WHEN I first arrived at the dignity of "taking in" a periodical on my own account, an event memorable in the annals of pocket-money and self-importance, I gave my allegiance, as if by instinct, to "the Terrific Register," a startling, harrowing publication, popular of old among housemaids, school-boys, and young apprentices, and I proceeded to quaff this cup of horrors, which for a few pence gave a marvellous amount of marvellous atrocities. I have often looked back with wonder at that remarkable expenditure, that wonderful investment of capital on some pages of blood and slaughter, murders and executions, which used to make my blood curdle in my veins. and my hair stand on end, as I waded from one tale to another, each seeking to out-herod the exciting enormities of the other. The love of being frightened was a strange and, to a school-boy, an expensive taste. I recollect distinctly the grim portrait of Lord Balmerino on the scaffold with his head half cut off, and his eyes made to stare and glare upon the reader with all that wildness and agony which a cheap woodcut with its peculiar mode of expressing the human countenance and human feeling is capable of conveying. It was indeed a monstrous spectacle, and kept me awake, I dare say, many a night; those ghastly features, with those large eyes fixed upon one, were most successfully done by the ferocious artist who held office in the Terrific Register, and slashed away with good broad lines to the periodical consternation of admiring though affrighted readers. One certainly "snatched a fearful joy," revelled in goose-skin sensations, had all the mysterious luxury of having one's whole nervous system shaken and upset, and, if it be not an Irish saying, enjoyed a good frightening from time to time with singular fortitude and perseverance. When "the new number" arrived, it was received with mingled feelings of pride and dread, and the operation of cutting the pages with their abominable type was undergone with a mixture of curiosity and fear.

I find, however, in looking out upon the world, that this love of horrors is not confined to the boyish state. No; the taste for the horrible seems to be largely indulged in at all periods of life. Madame Tussaud's "Chamber of Horrors,"

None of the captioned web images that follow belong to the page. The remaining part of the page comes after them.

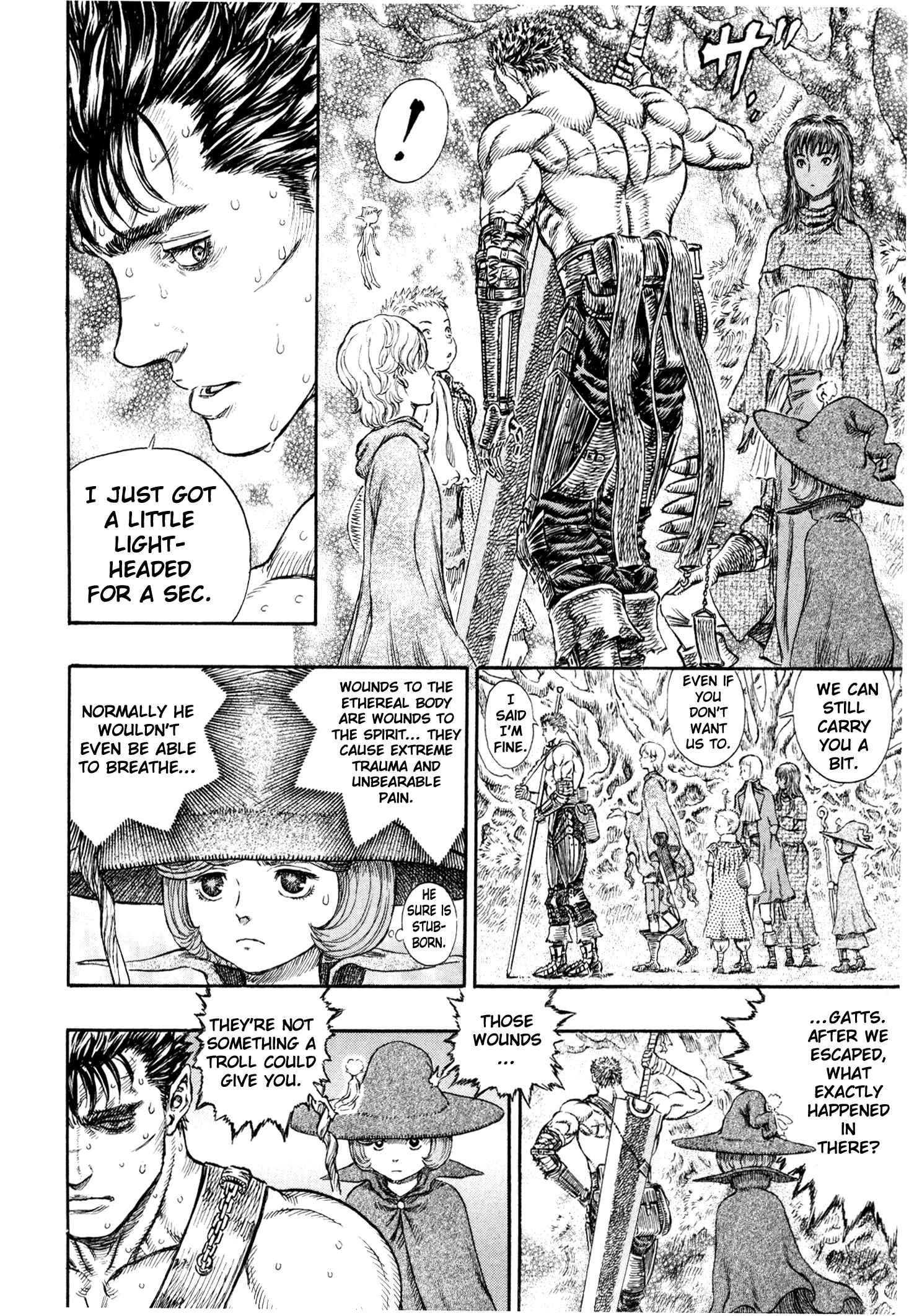 Chapter 222 - Page 15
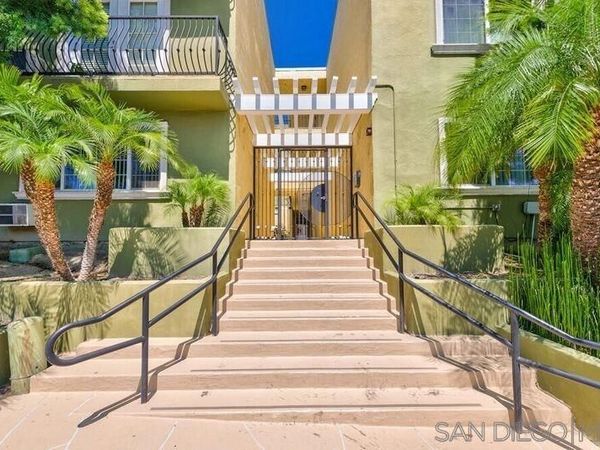 5055 Collwood Blvd, Unit 310, San Diego, CA 92115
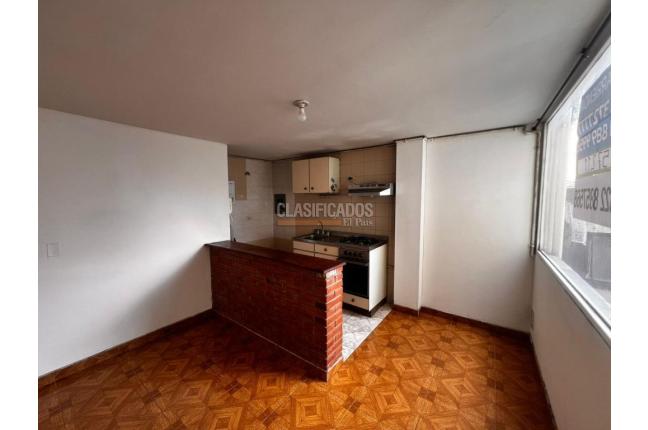 Apartamentos, Alquiler, Bogotá - $1.620.000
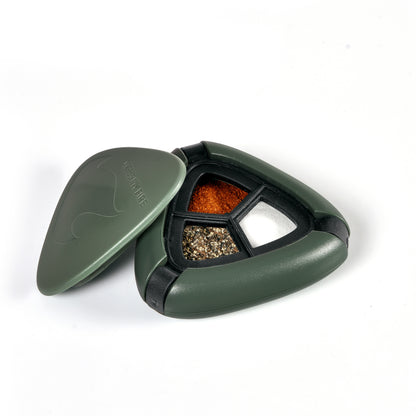 LMF Salt&Pepper plus sagegreen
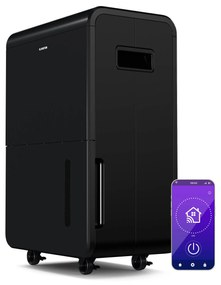 Klarstein DryFy Grand 70L Smart osuszacz powietrza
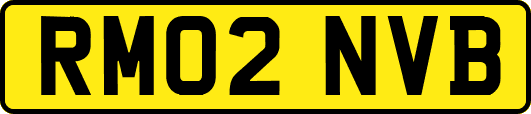 RM02NVB
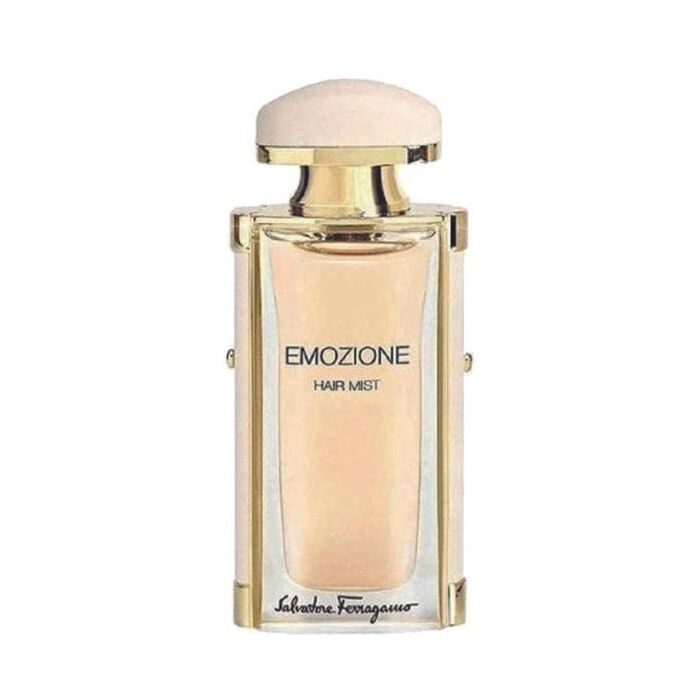 Salvatore Ferragamo Emozione Woman 50ml Hair Mist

with its extra sixpence for the privilege of surveying the group of select detestables, proves the popular demand; the productive nature of the more barbarous murders to the daily press at a dull time of year, when Parliament is not sitting, is too well-known, while the "further particulars" which afford such scope for the inventive genius of "our own Reporter," are greedily gulped down. So also every execution, with its gaping throng of horror-seekers, watching every twitch of the convulsed frame of the dying wretch, and gloating from the crowded windows and house-tops with fiendish interest over his quivering limbs in the last awful struggle, still further proves the amazing passion for the terrible which is not to be satisfied with pictured woe, with agonies on paper, with groans and shrieks given in letter-press. The murderer who cried out to the crowd that was hurrying before him to Tyburn, 'Stop, my good friends; there will be no fun till I come,' was a shrewd observer of human nature, and saw plainly, though under such awful circumstances himself, the great attraction, "fun," as he called it, which is found in the most dreadful and revolting scenes.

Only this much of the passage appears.